TASK PROMPT:
Look below for the line with "[3분판례] 노동쟁의, 쟁의행위? 뭐가 다르지? 3분정리, 법률용어 기본편!"; begin the copy there and stop after the line with "プロセカ はぴこれくじ A賞 東雲絵名 マスコット1点 - メルカリ", keeping the text exact and the pictures out.

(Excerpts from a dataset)
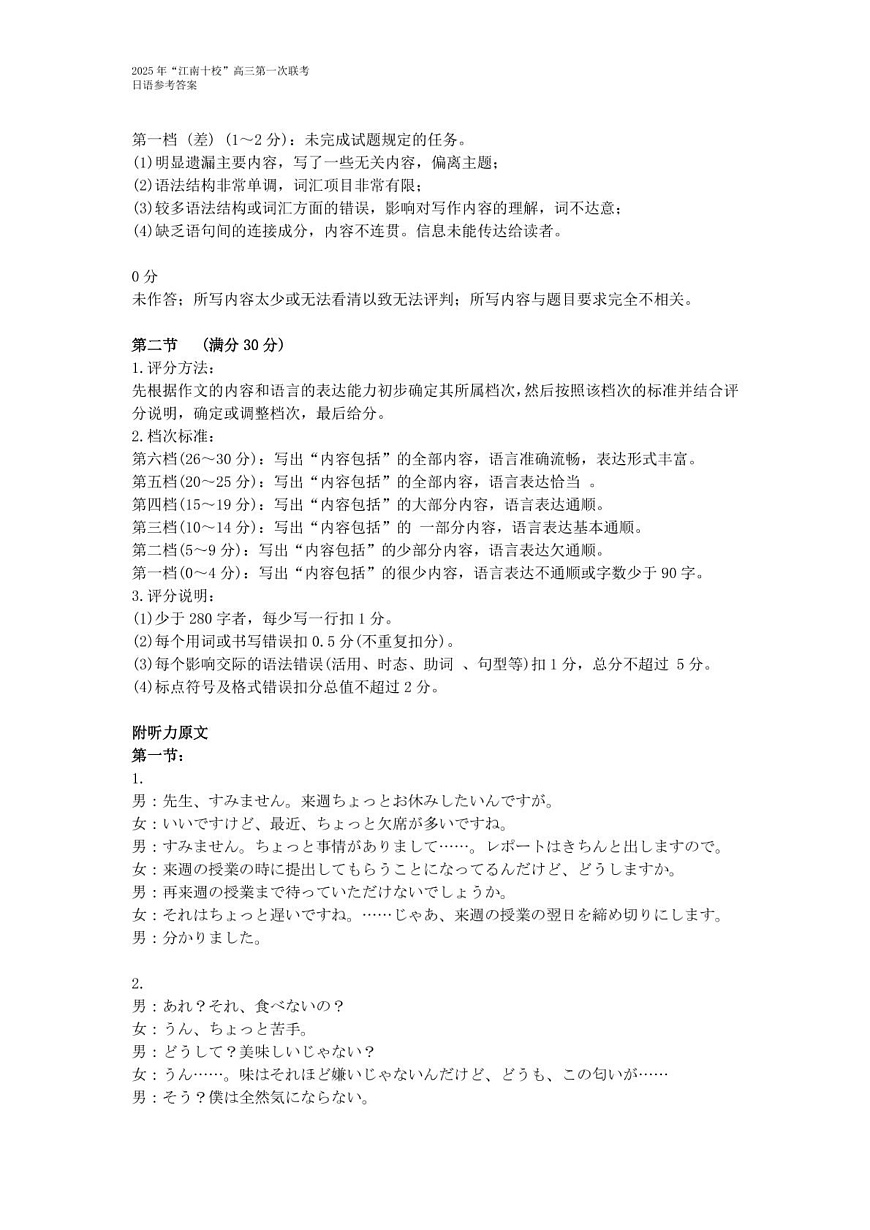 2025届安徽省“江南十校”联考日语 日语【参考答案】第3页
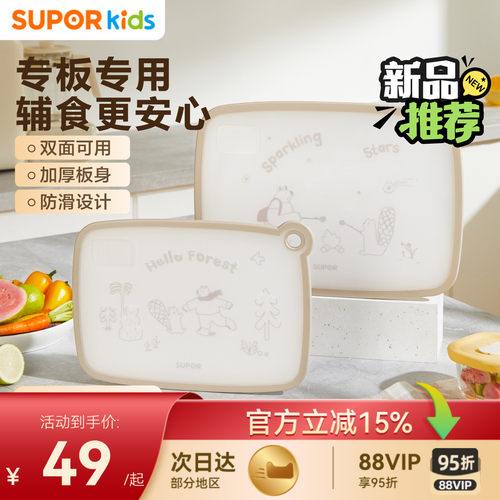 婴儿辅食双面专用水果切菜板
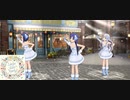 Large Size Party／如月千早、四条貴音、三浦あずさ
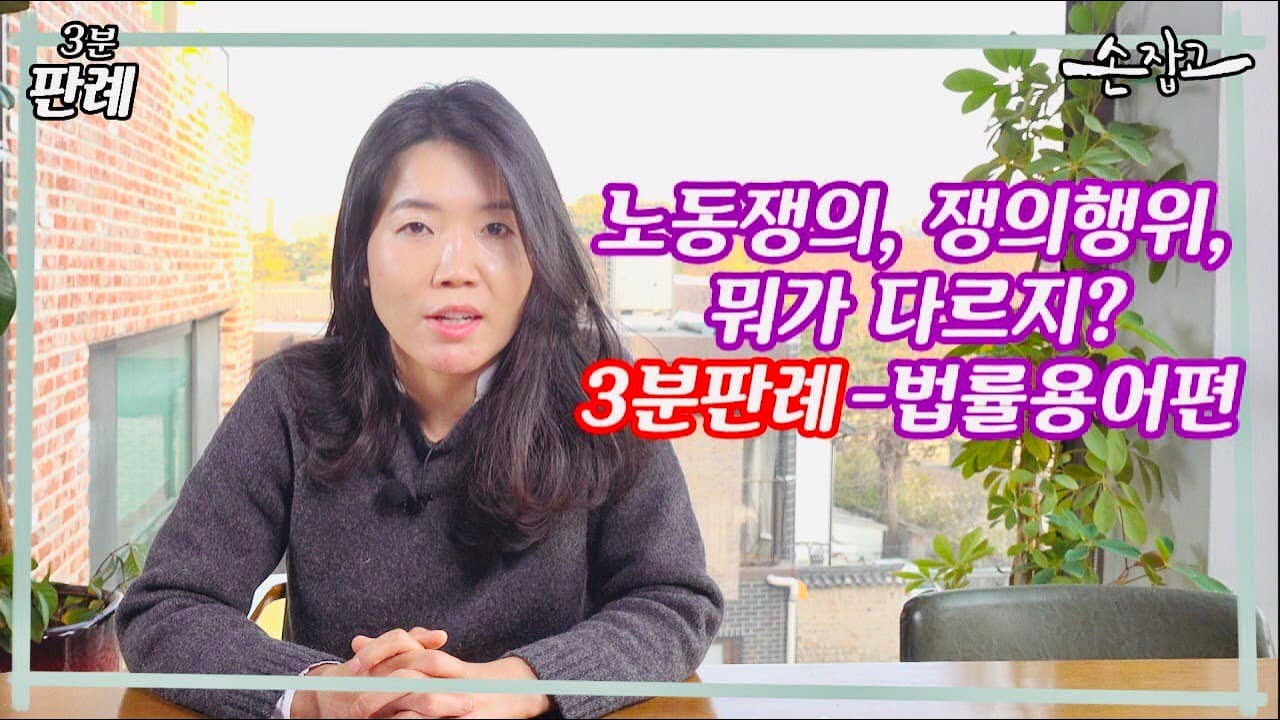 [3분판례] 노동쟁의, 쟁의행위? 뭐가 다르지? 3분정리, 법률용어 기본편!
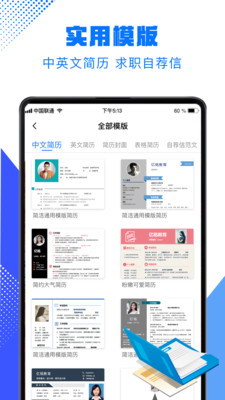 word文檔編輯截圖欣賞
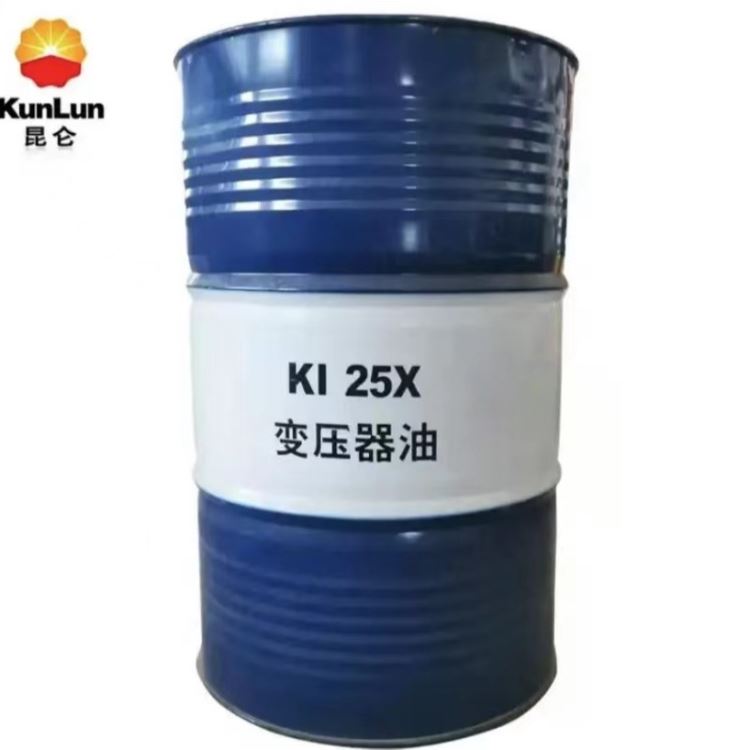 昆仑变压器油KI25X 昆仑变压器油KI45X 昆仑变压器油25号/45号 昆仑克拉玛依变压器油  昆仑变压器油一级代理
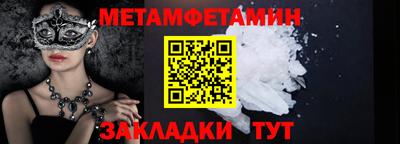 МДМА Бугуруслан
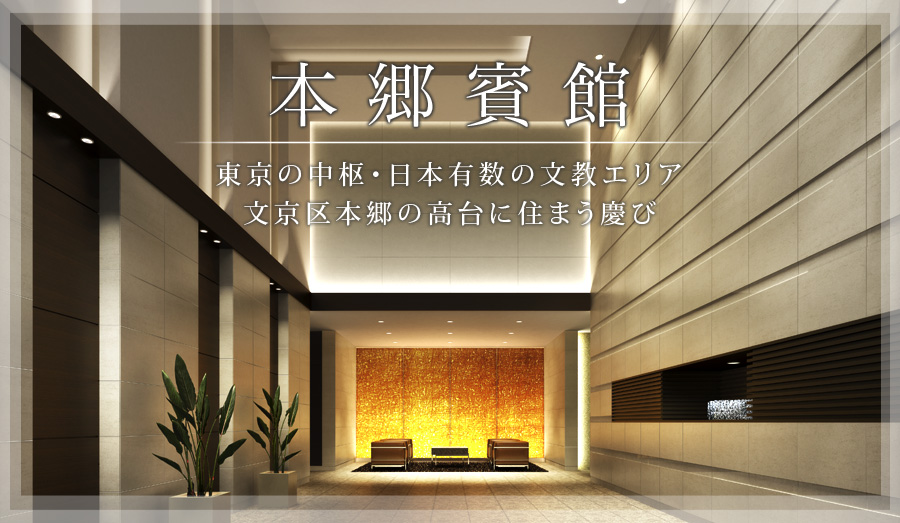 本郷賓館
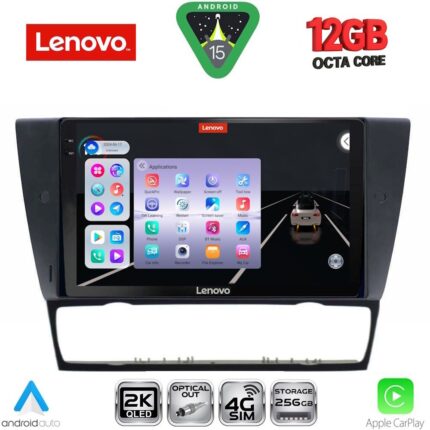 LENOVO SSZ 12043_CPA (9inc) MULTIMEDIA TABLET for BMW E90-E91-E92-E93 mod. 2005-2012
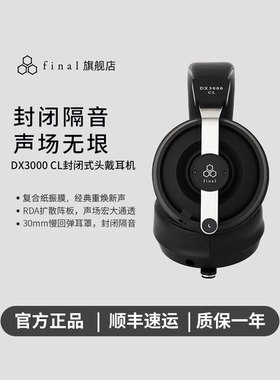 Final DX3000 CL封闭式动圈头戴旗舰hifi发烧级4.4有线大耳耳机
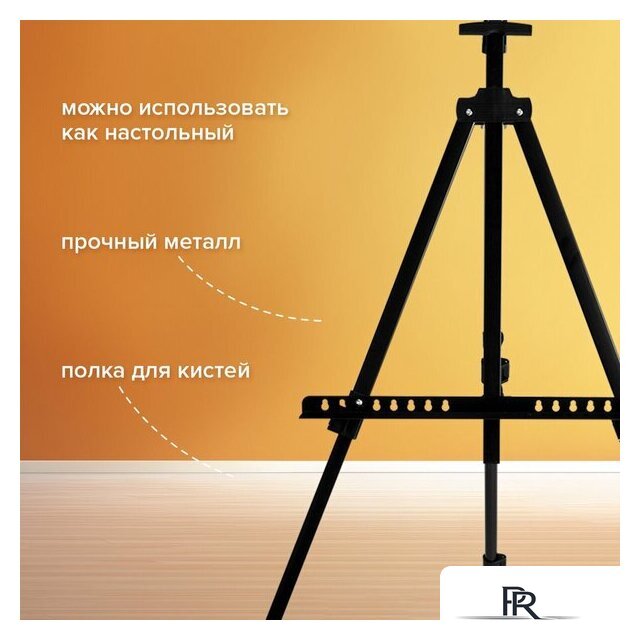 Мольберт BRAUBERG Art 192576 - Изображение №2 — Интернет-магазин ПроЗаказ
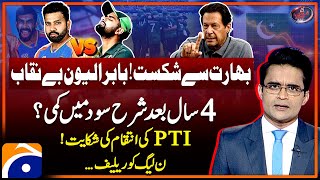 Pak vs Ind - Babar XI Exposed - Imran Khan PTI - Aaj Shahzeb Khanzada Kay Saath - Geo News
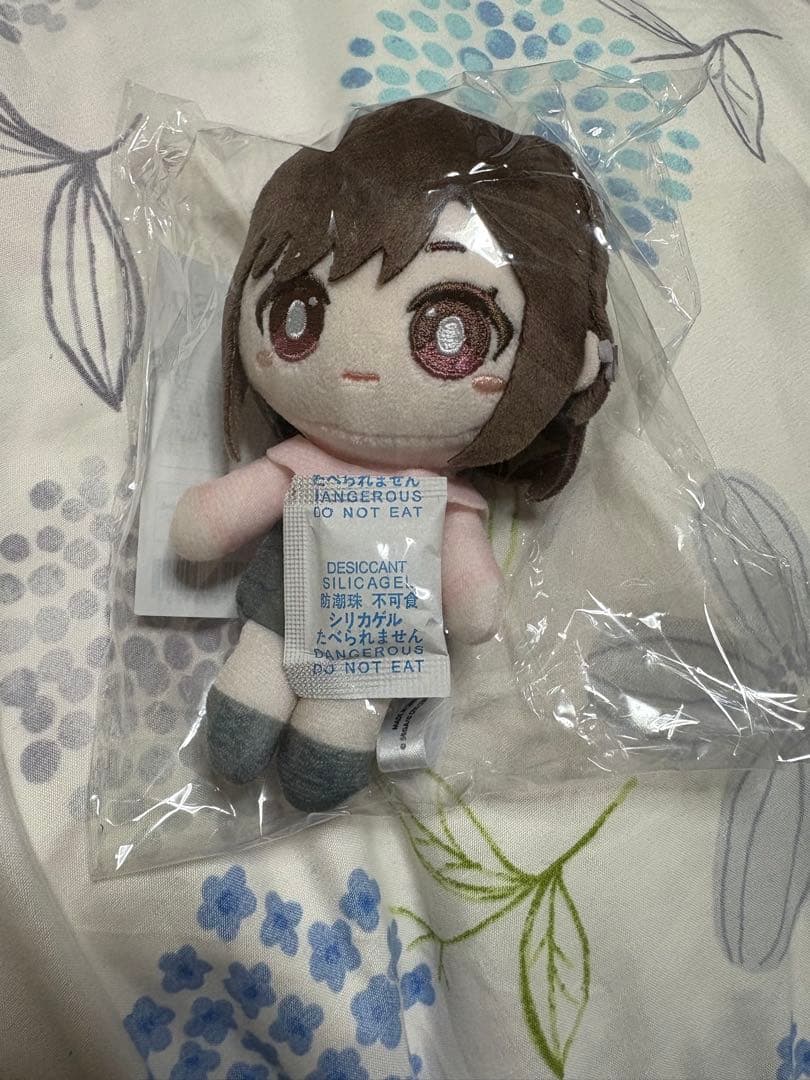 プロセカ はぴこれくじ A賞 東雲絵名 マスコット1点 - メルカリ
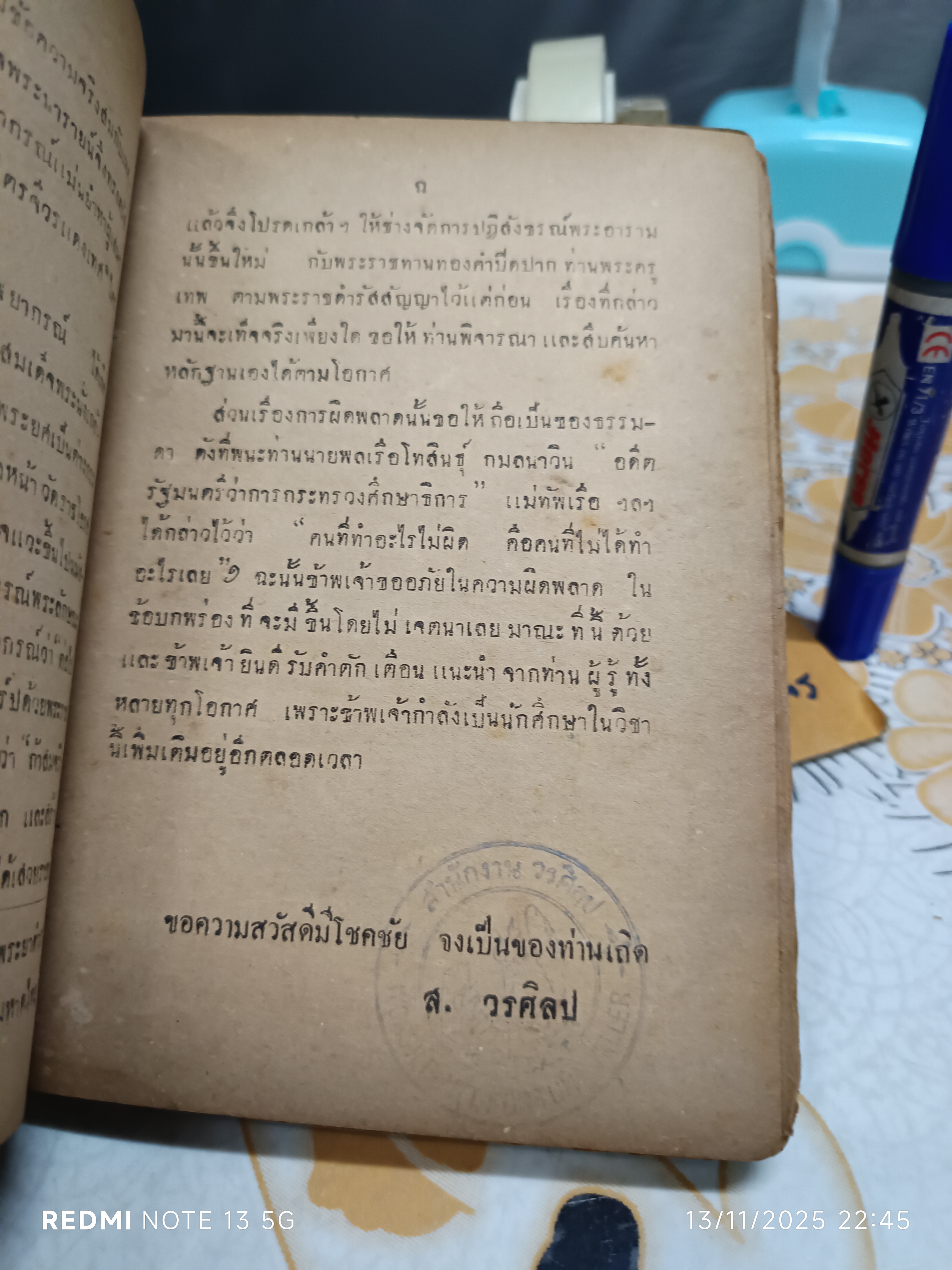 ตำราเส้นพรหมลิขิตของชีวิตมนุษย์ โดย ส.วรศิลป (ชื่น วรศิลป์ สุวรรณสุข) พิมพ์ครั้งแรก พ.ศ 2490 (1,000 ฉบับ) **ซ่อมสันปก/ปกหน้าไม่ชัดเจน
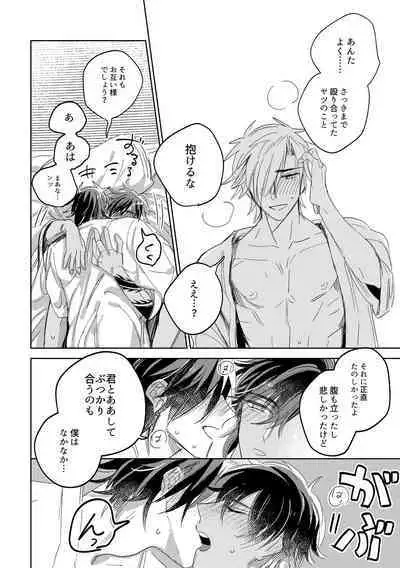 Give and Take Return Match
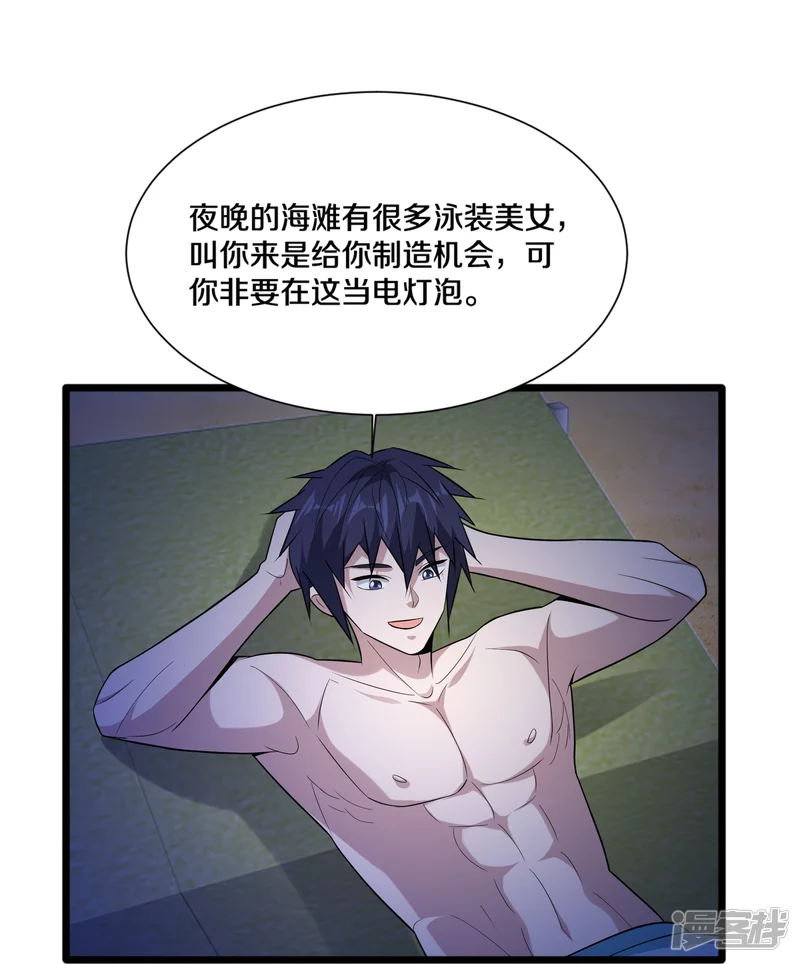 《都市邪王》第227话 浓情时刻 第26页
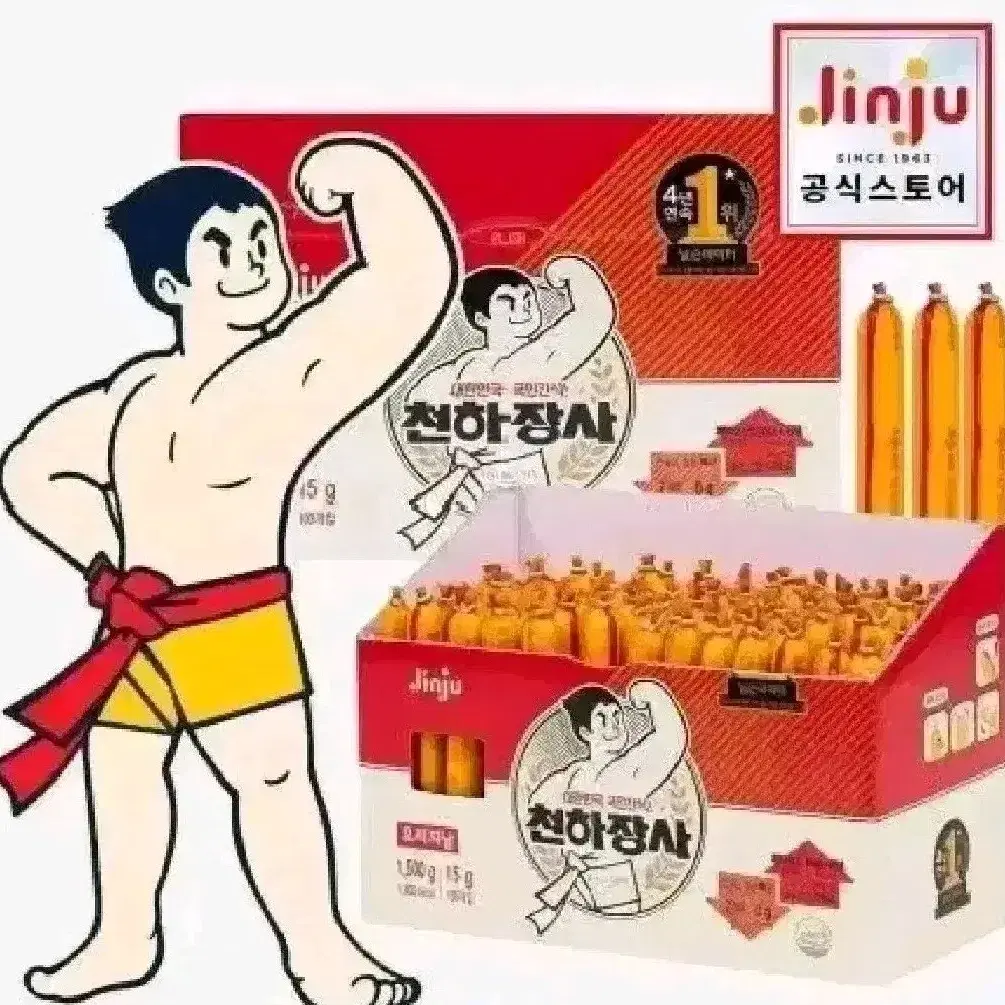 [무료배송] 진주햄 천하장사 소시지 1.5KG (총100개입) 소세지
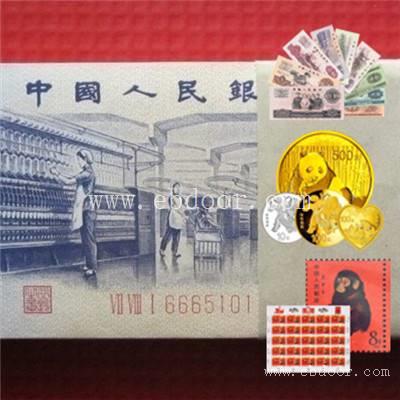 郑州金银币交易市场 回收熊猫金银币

WRITTEN ANSWER:
 [3분판례] 노동쟁의, 쟁의행위? 뭐가 다르지? 3분정리, 법률용어 기본편!
 word文檔編輯截圖欣賞
 昆仑变压器油KI25X 昆仑变压器油KI45X 昆仑变压器油25号/45号 昆仑克拉玛依变压器油  昆仑变压器油一级代理
 МДМА Бугуруслан
 本郷賓館
 LENOVO SSZ 12043_CPA (9inc) MULTIMEDIA TABLET for BMW E90-E91-E92-E93 mod. 2005-2012
 Final DX3000 CL封闭式动圈头戴旗舰hifi发烧级4.4有线大耳耳机
 Мольберт BRAUBERG Art 192576 - Изображение №2 — Интернет-магазин ПроЗаказ
 Pak vs Ind - Babar XI Exposed - Imran Khan PTI - Aaj Shahzeb Khanzada Kay Saath - Geo News
 プロセカ はぴこれくじ A賞 東雲絵名 マスコット1点 - メルカリ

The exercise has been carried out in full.